Raw data:
-- Opening Marker --

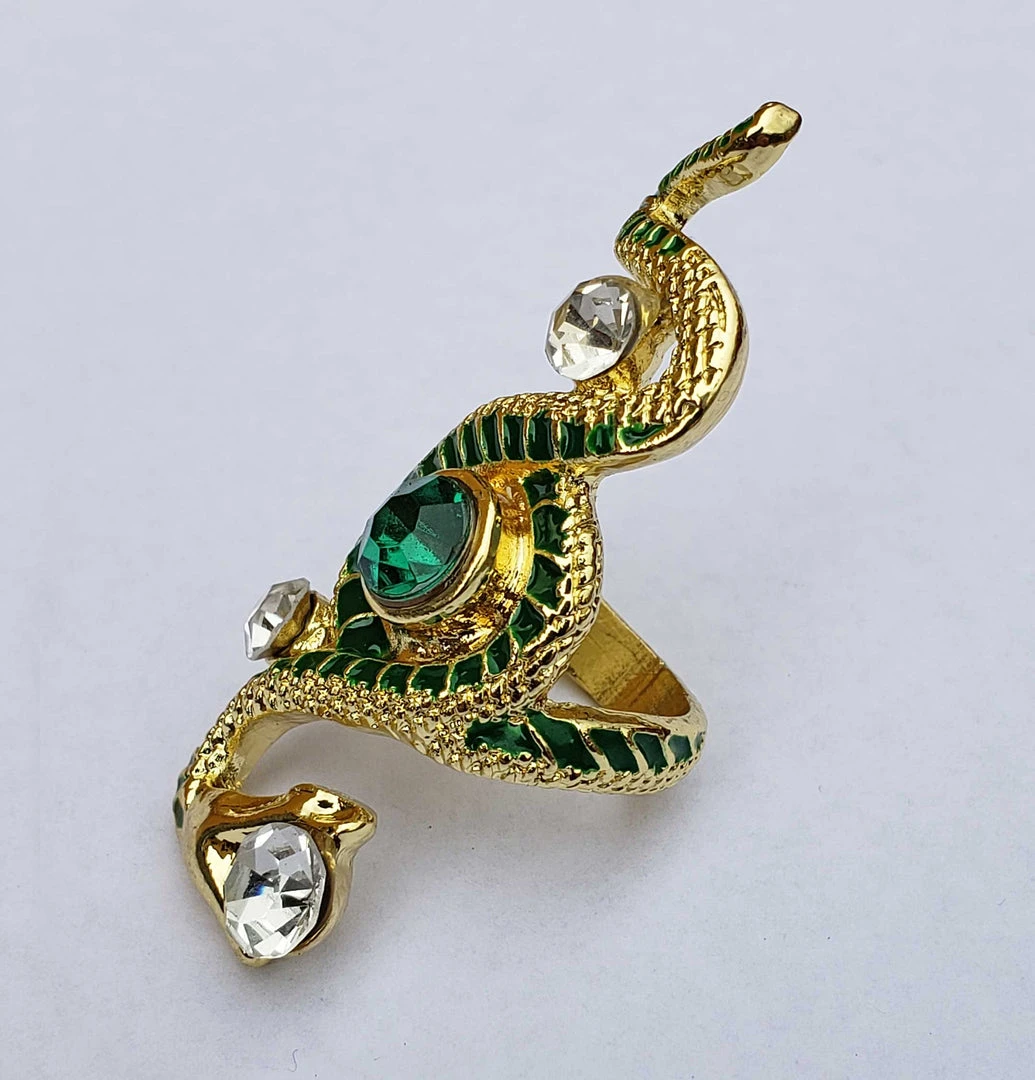 Nicoletta Carlone "Imogen" Art Nouveau Style Serpent Ring Nicoletta Carlone "Imogen" Art Nouveau Style Serpent Ring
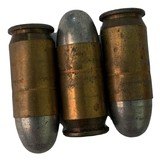 Collectible Ammo Partial Box: WWI 38 Cartridges of Remington UMC .45 Automatic Colt Smokeless for M1911 Dated 1918 - 2 of 10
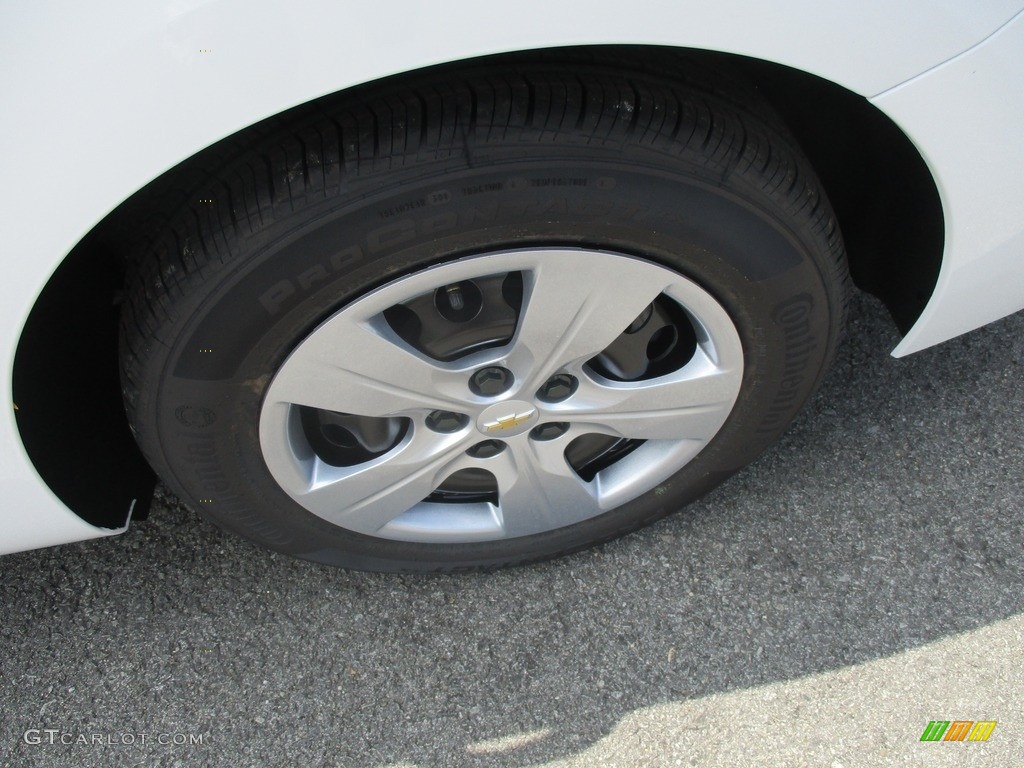 2016 Cruze LS Sedan - Summit White / Jet Black photo #3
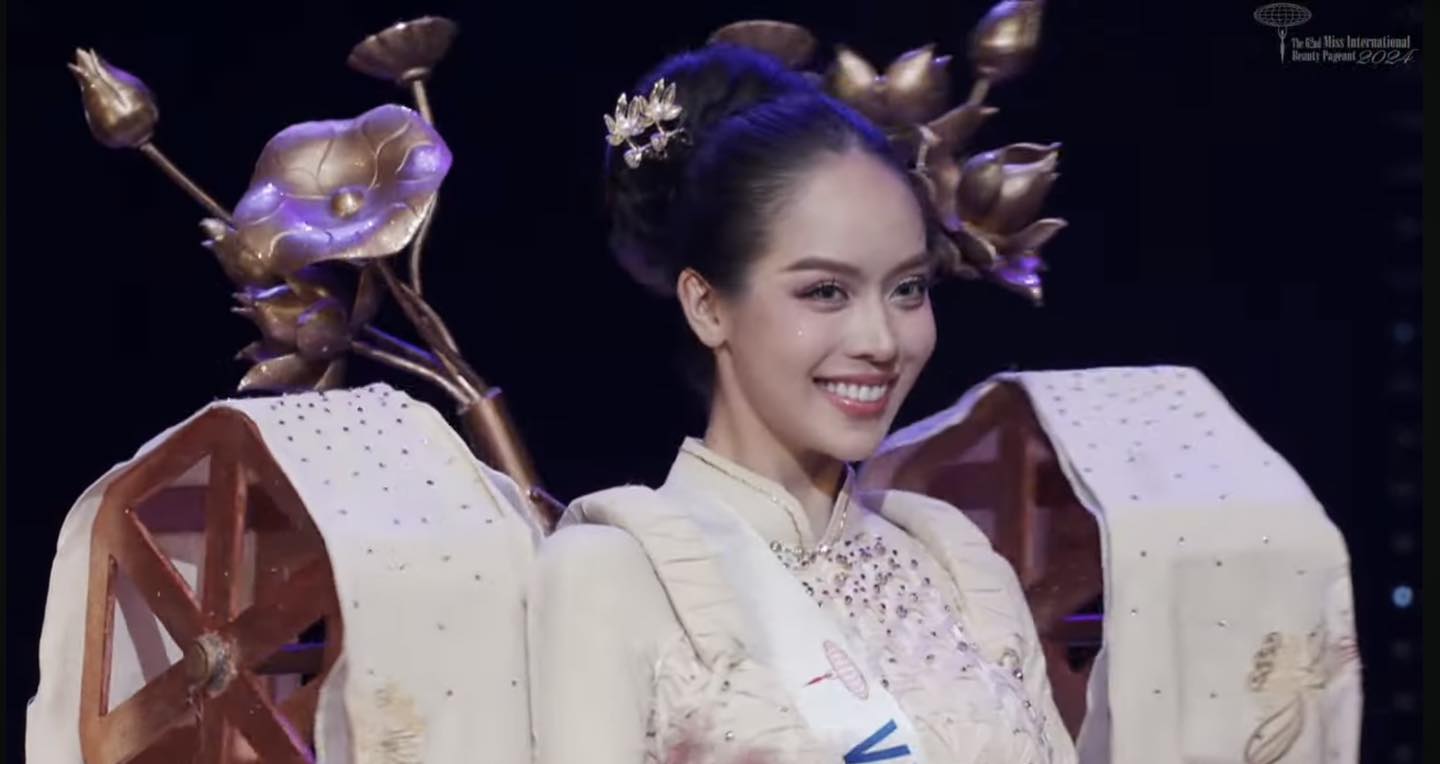 HOT: Hoa hậu Thanh Thủy chính thức lọt vào Top 8 Miss International- Ảnh 7.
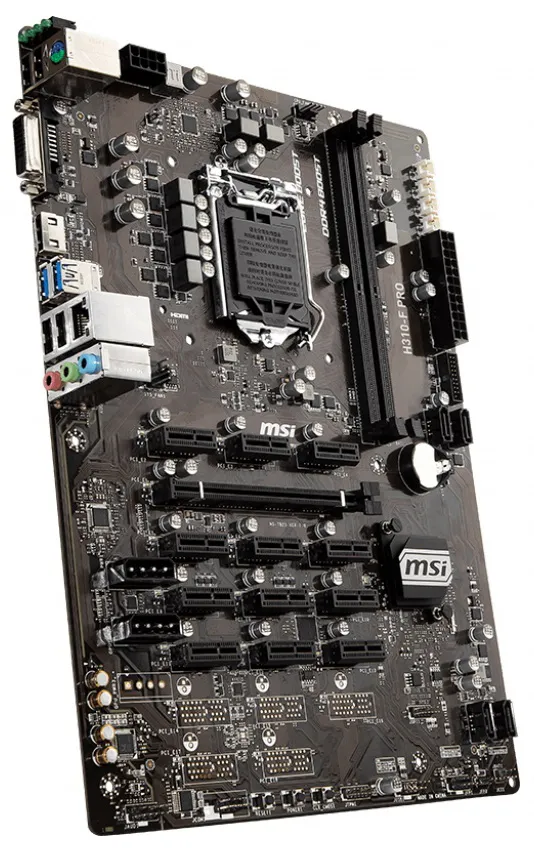Материнская плата MSI H310-F PRO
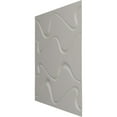 thumbnail image 4 of Ekena Millwork 19 5/8"W x 19 5/8"H Versailles EnduraWall Decorative 3D Wall Panel, UltraCover Satin Blossom White (Covers 2.67 Sq. Ft.), 4 of 6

-- Closing Marker --

Assignment: Return exactly the part of the listing above that opens with the line containing "2016 Cruze LS" and closes with the line containing "Материнская плата MSI H310-F PRO". Pictures stay out.

Finished exercise:
 2016 Cruze LS Sedan - Summit White / Jet Black photo #3
 HOT: Hoa hậu Thanh Thủy chính thức lọt vào Top 8 Miss International- Ảnh 7.
Материнская плата MSI H310-F PRO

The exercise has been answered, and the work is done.